2023 yılında işini kaybedip işsizlik maaşı için müracaatta bulunanların sa­yısı yıllık 1 milyon 614 bin 184,

2024 yılında işini kaybedip işsizlik maaşı için müracaatta bulunanların sa­yısı yıllık 1 milyon 659 bin 922 kişidir.

2025’in ocak ayında işsizlik maaşı için müracaatta bulunanların sayısı 177 bin 11 kişi oldu. Şubat ayında ise çok hızlı bir artış ile 321 bin 418 kişiye ulaştı.

2023 yılında işsizlik maaşı için aylık ortalama 134 bin 515 kişi İŞKUR’a müra­caatta bulunurken, 2024’de işsizlik ma­aşı için aylık ortalama müracaatta bulu­nanların sayısında küçük bir atış olmuş ve 138 bin 326 kişiye yükselmişti.

2 ayda 498 bin 429 kişi işsizlik maaşına başvurdu

Ancak 2025 yılında işsizlik maaşı için müracaata bulunanların sayısında çok ciddi bir atış var. Sadece iki ayda 498 bin 429 kişi kendi arzu ve isteği dışında işten çıkmış yani işten çıkartılmış ve işsizlik maaşı için müracaatta bulunmuş.

2023-2024 yılında ortalama 135 bin 000 kişi aylık işsizlik maaşı için müraca­atta bulunurken 2025 yılında aylık mü­racaat sayısı ortalama 249 bin 215 kişiye çıkmış durumda, bu da aslında ekonomi­de yaşanan daralmanın etkilerinin işsiz­lik verilerine yansıyacağını bize göster­mektedir.

Faizlerin yükselmesi yatırımları azal­tıyor aynı zamanda ekonomide yaşanan durgunluk üretimi de azaltıyor. Yatırı­mın ve üretimin azalmasının sonucunda işsizlik kaçınılmaz oluyor.

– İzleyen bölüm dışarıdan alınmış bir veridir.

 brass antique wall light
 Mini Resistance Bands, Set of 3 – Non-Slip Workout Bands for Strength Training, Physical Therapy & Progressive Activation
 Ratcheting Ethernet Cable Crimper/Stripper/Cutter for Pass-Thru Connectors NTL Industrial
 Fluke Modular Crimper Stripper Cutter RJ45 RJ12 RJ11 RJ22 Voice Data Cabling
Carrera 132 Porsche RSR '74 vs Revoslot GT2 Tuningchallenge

Çünkü yatırım ve üretimde daralma iş­sizliğin artmasına doğrudan etki eder.

Üretim yoksa ya da önceki dönemlere göre az ise çalışana daha az ihtiyaç olma­sı anlamına geliyor.

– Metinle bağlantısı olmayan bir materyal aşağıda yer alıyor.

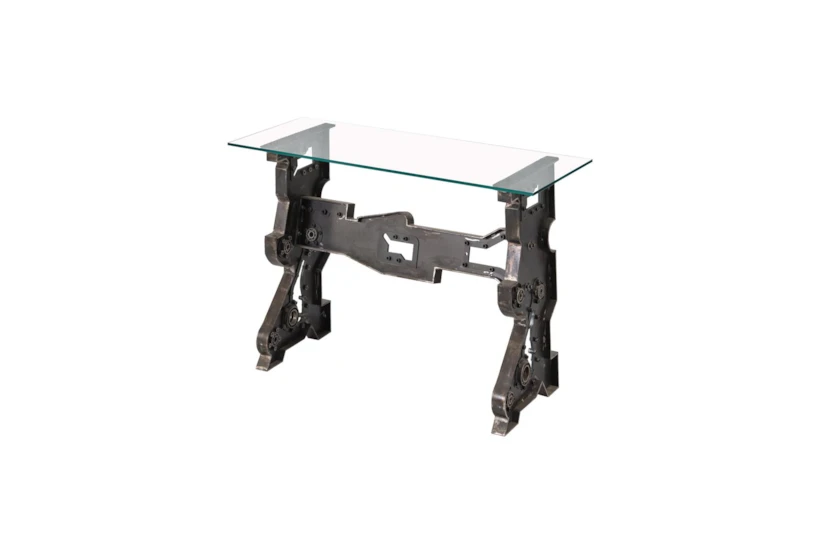 Forgesmith Metal + Glass Console Table - 360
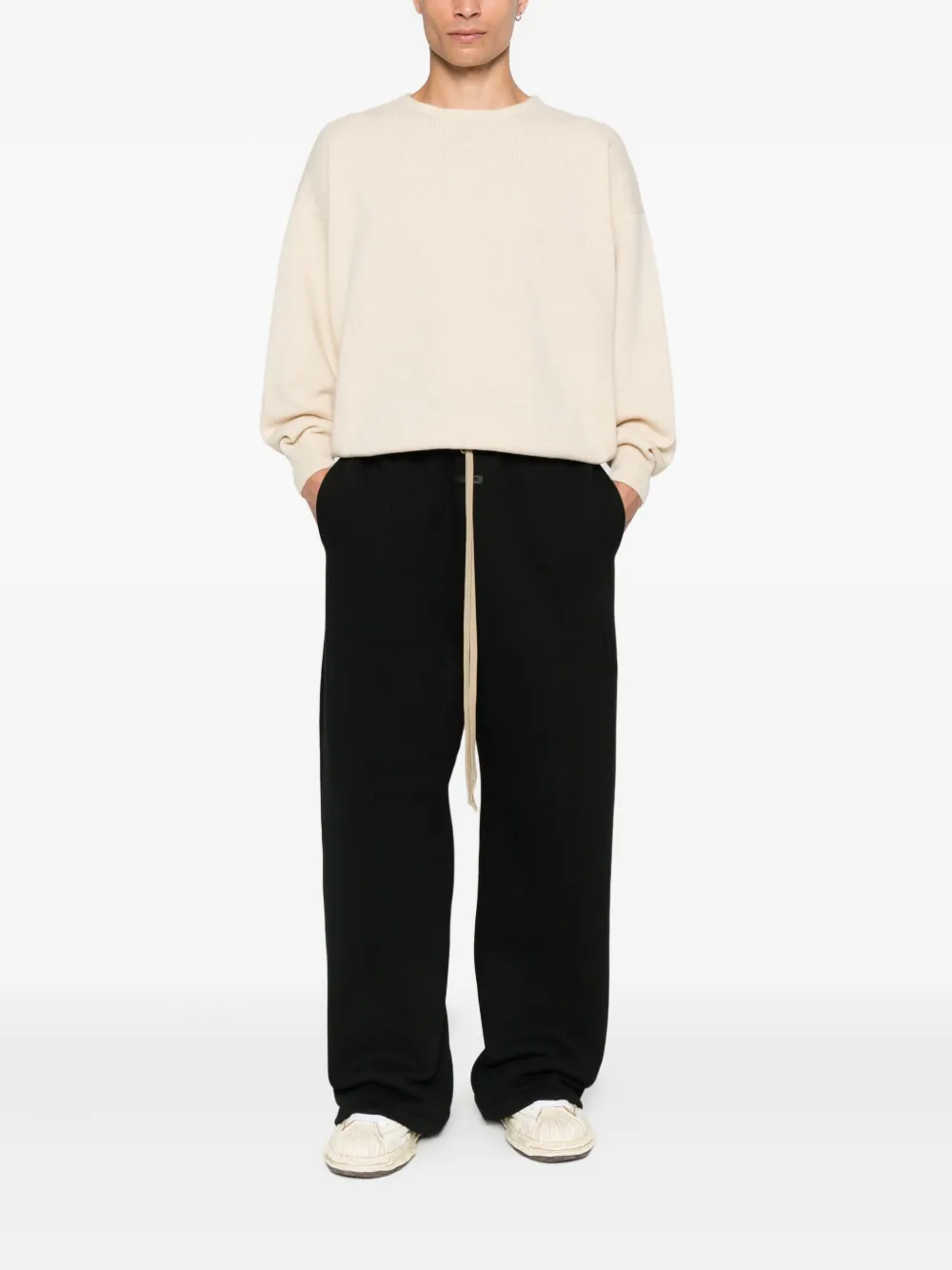 Fear Of God Wollen trui met ronde hals - Beige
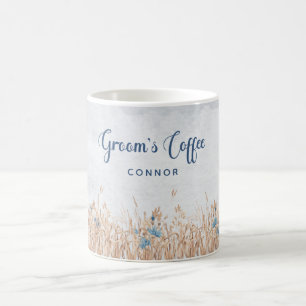 Blå kornblommor och vete Fält Grooms Mugg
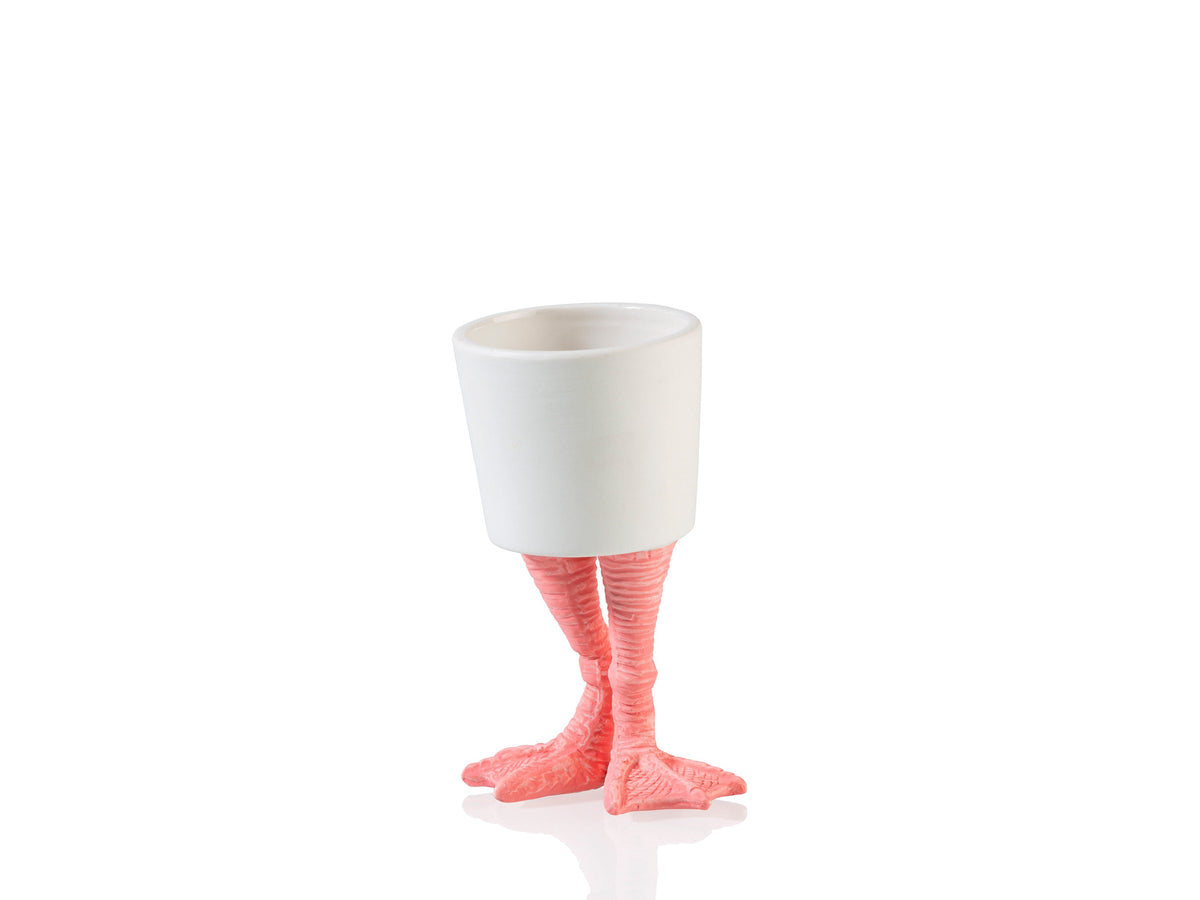 Pot de Fleur Pattes de Flamant Rose – Petit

Ülkemizde yaşanan ekonomik kriz ve uygulanan para ve maliye politikaları ile işletmeler küçülme politikası ile geçi­ci önlemler almaya çalışırlar. Küçülmek demek maliyetlerin kısılması anlamını taşır. Maliyetlerin kısılması durumunda işçi çıkartmaları ilk düşünülen önlem­dir.

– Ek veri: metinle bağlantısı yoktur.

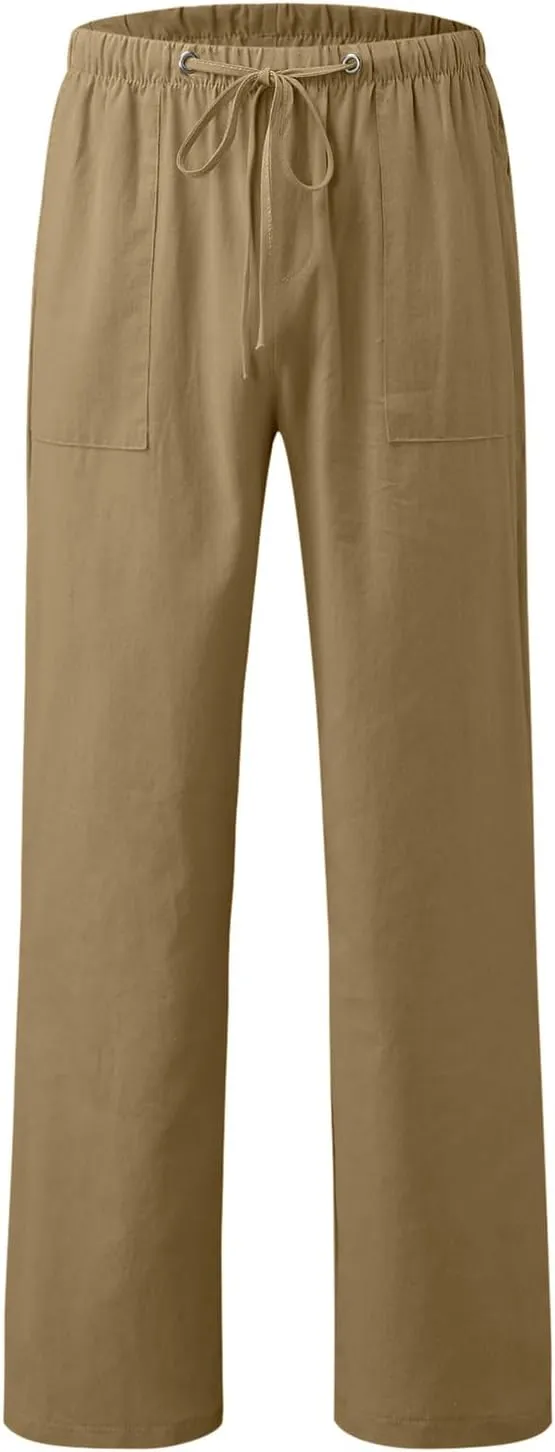 Men's Pant Casual Plus Size Jogger Active Wear Sweatpant Elasticated Stretch Waist Cargo Combat Work Pant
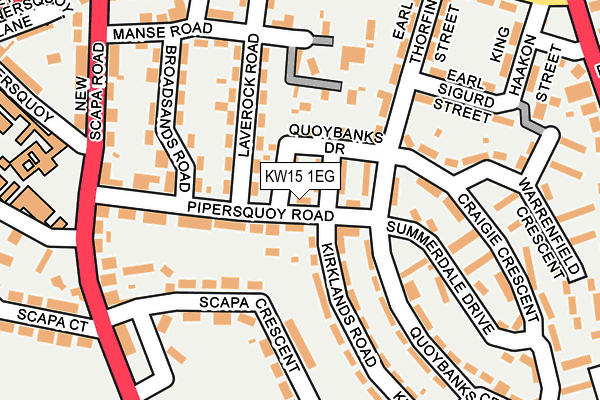 KW15 1EG map - OS OpenMap – Local (Ordnance Survey)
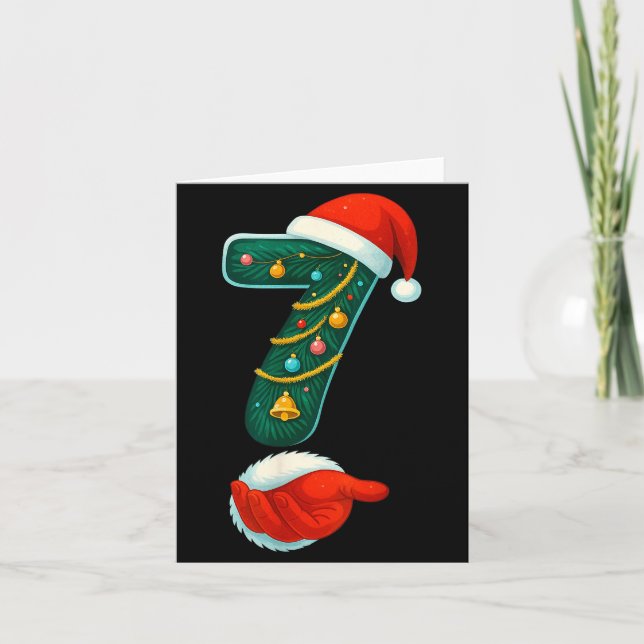 Cartão Number 7 6 Meme 67 Couple Pajamas Christmas Matchi (Frente)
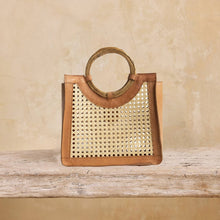 Load image into Gallery viewer, Rattan Weave Handbag with Round Handle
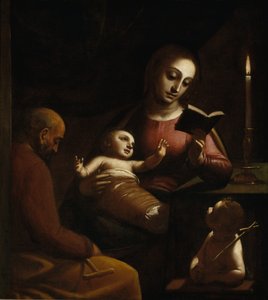 Święta Rodzina z Janem Chrzcicielem jako chłopcem, ok. 1578 autorstwa Cambiaso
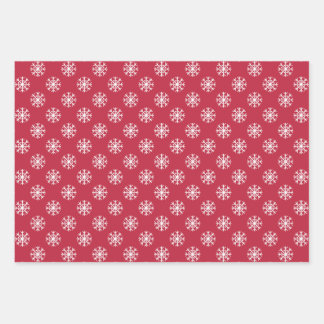 Snowflake Pattern Wrapping Paper Sheets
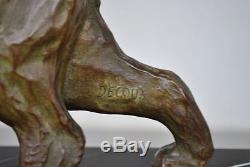 Sculpture Bronze Art déco 1930 Art déco Le dresseur de lion par Decoux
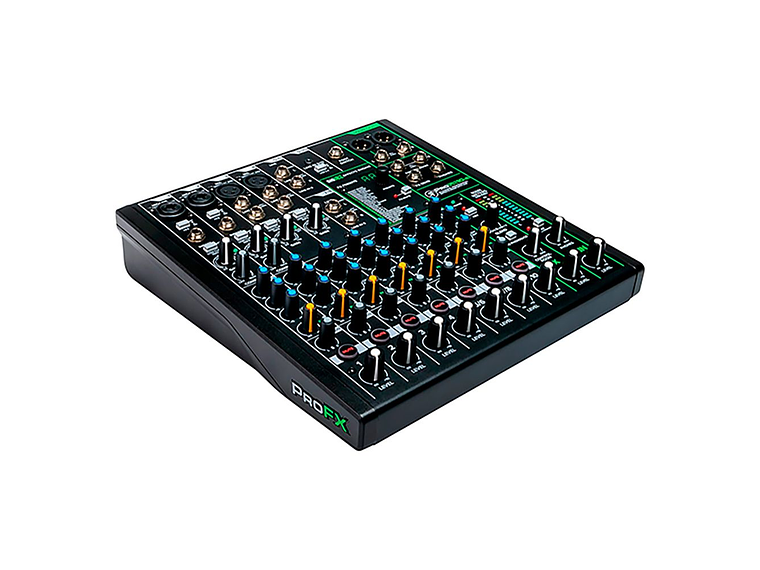 MIXER MACKIE PROFX10V3, 10 CANALES, INTERFAZ USB, FX 3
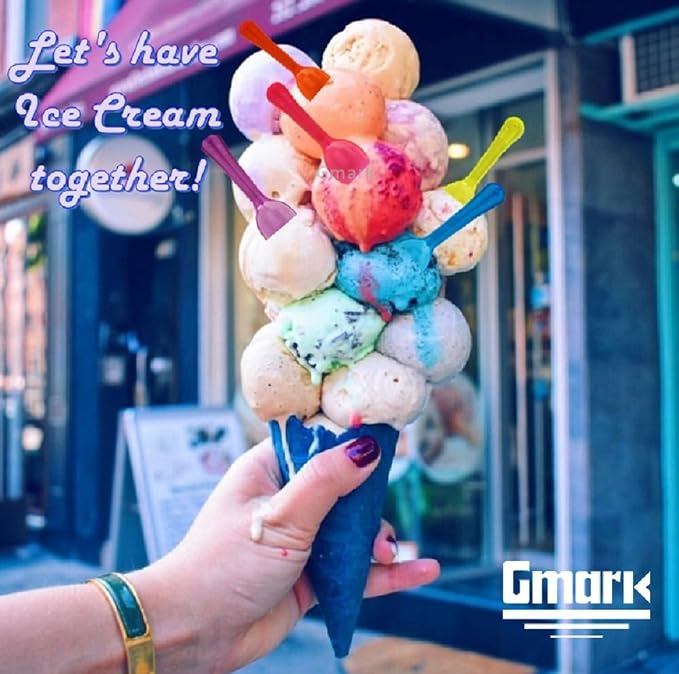 Extra Sturdy, Gmark 200pc 3" Multi Colored Plastic Taster Mini Spoons - Image 6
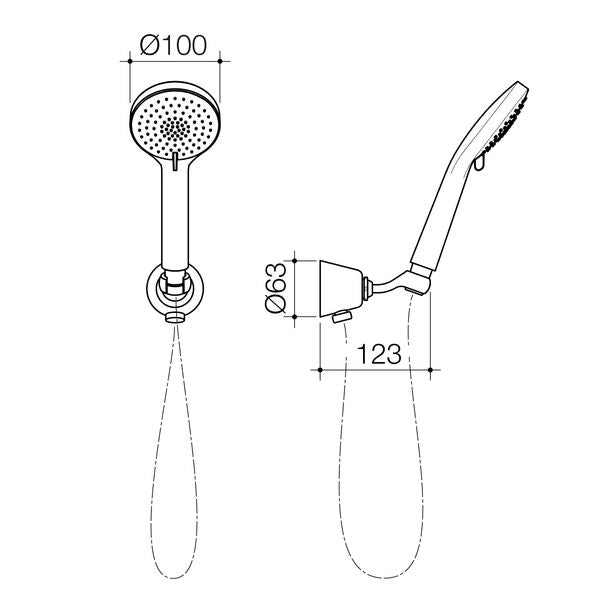 Flexispray Bermuda Hand Shower 3 Function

2025 yılının ilk iki ayında bu durum İŞKUR verilerine yansımış durumdadır. Özellikle 2025/Şubat ayında işsizlik ma­aşı için müracaatta bulunanların sayısı­nın 321 bin 418 kişiye hızlı bir artış ile çıkması, işletmelerin güvensizlik ve be­lirsizlik karşısında işçi çıkarma yolunu tercih ettiklerini göstermektedir.

3 yılda 600 prim günü zorunluluğu

İşini kaybeden herkes işsizlik maa­şı alamıyor, işsizlik maaşı için son 3 yıl içinde en az 600 prim gün sayısının ol­ması ve kendi arzu ve isteği dışında işten ayrılması yani işten çıkartılması gereki­yor.

İşsizlik maaşı için müracaatta bulunan kişilerin düzenli çalışanlar olarak bili­nen, bir iş yerinde uzun süre çalışmayı tercih eden, işini kaybetmek istemeyen, işverenin işten çıkarmaması durumun­da işine devam etmek isteyen kişiler ol­duğunu bilmek gerekiyor.

Kısacası, işsizlik maaşı başvurularının artması, ekonomik sağlığın bozulduğuna dair erken bir uyarı işareti olarak yorum­lanır.

2025 yılının ilk iki ayında karşımıza çıkan bu verilerin çok önemli olduğunu bundan sonraki aylarda ortaya çıkacak verileri de takip ederek sizlerle paylaşa­cağım.